[Image-caption web data]
****

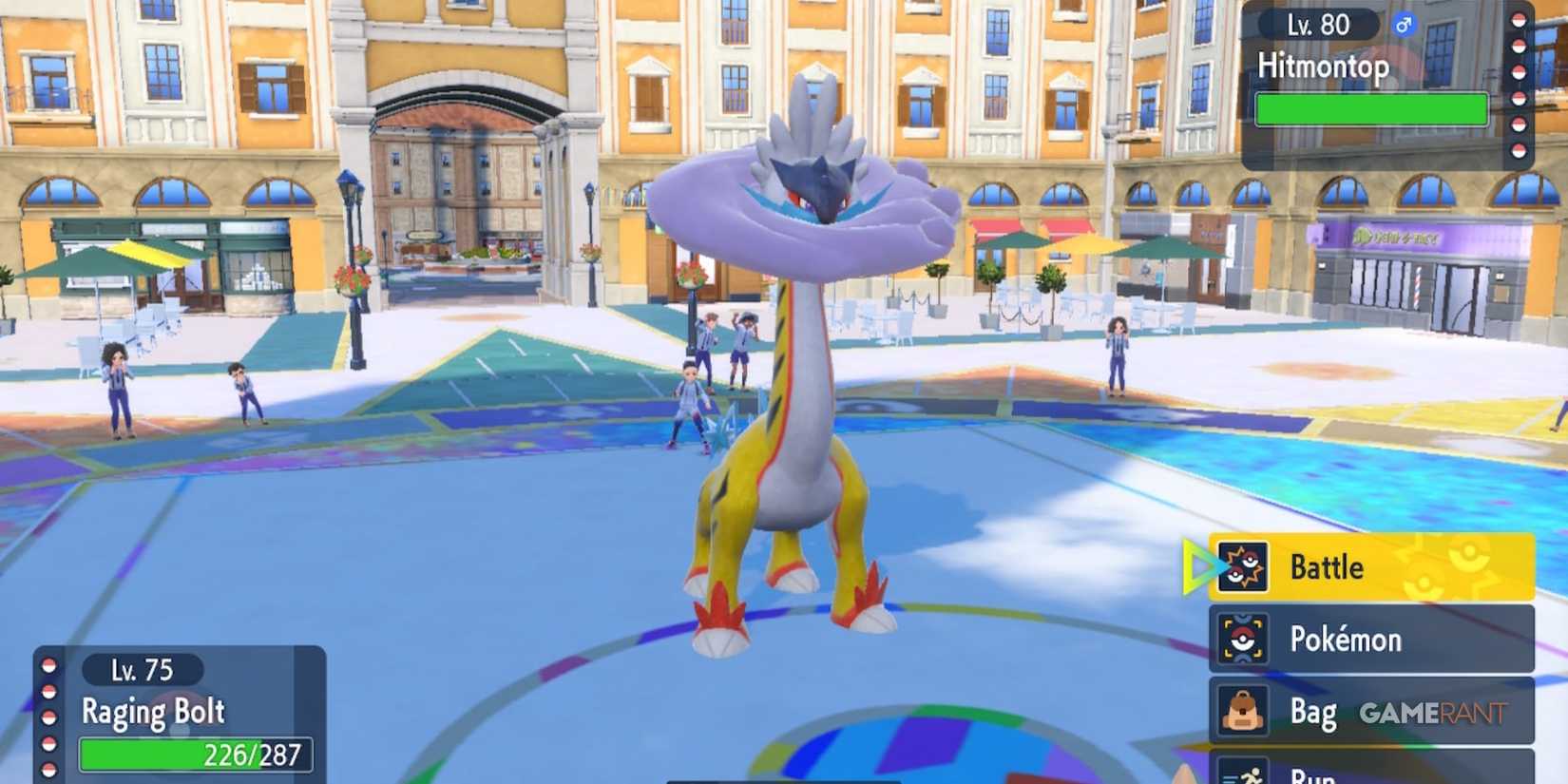 Raging Bolt In Battle In Pokémon Violet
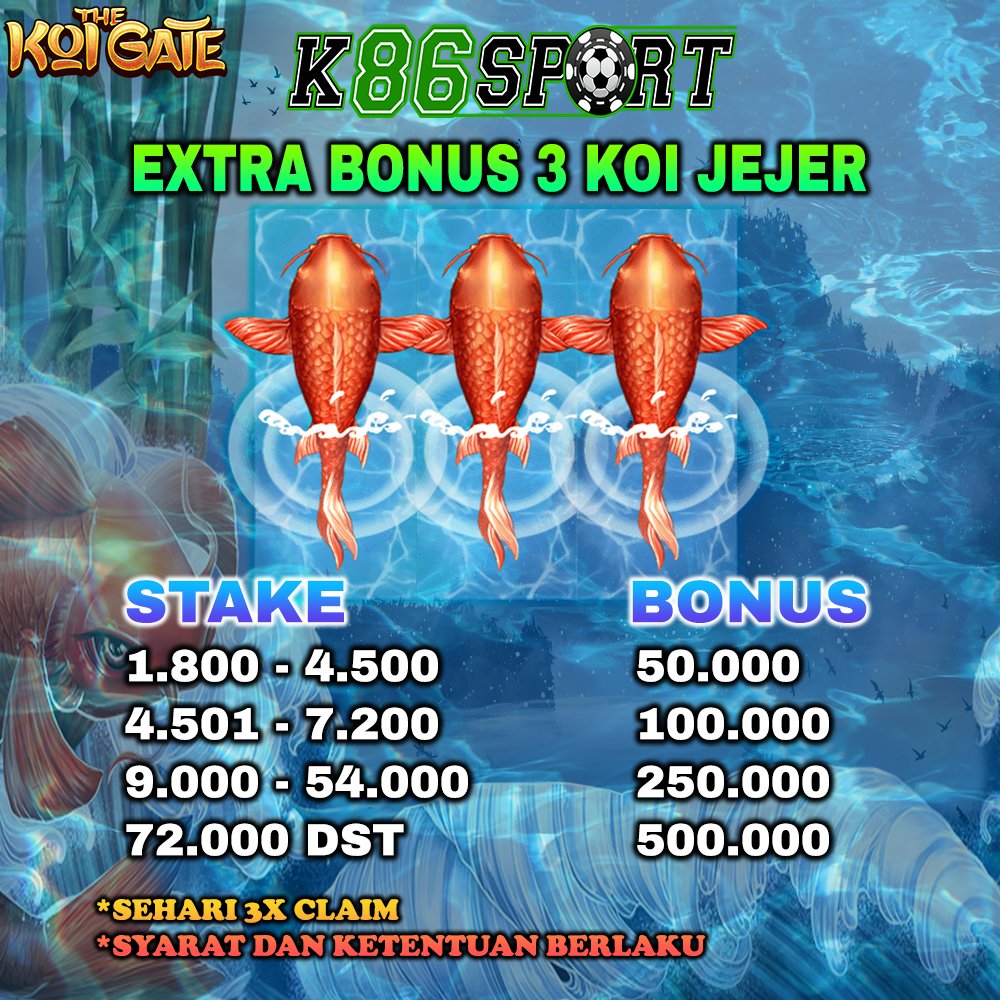 ChintyaPrinces's tweet photo. ALL EVENT K86SPORT !
✅EVENT JP PARLAY 5 - 10TIM
✅PARLAY LOSE 1 CASHBACK MODAL 100%
✅EVENT WINSTREAK PARLAY 3 TIM
✅EVENT JACKPOT POKER &amp; DominoQQ
✅EVENT EXTRA 3 KOIGATE
✅EVENT EXTRA WIN AZTEC GEMS UpTo 86%
✅EVENT EXTRA WIN JOKER JEWELS 35%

****

YOUR INSTRUCTIONS
Every record must be transcribed faithfully, with no picture carried over.

YOUR RESPONSE
 Raging Bolt In Battle In Pokémon Violet
 ChintyaPrinces's tweet photo. ALL EVENT K86SPORT !
✅EVENT JP PARLAY 5 - 10TIM
✅PARLAY LOSE 1 CASHBACK MODAL 100%
✅EVENT WINSTREAK PARLAY 3 TIM
✅EVENT JACKPOT POKER &amp; DominoQQ
✅EVENT EXTRA 3 KOIGATE
✅EVENT EXTRA WIN AZTEC GEMS UpTo 86%
✅EVENT EXTRA WIN JOKER JEWELS 35%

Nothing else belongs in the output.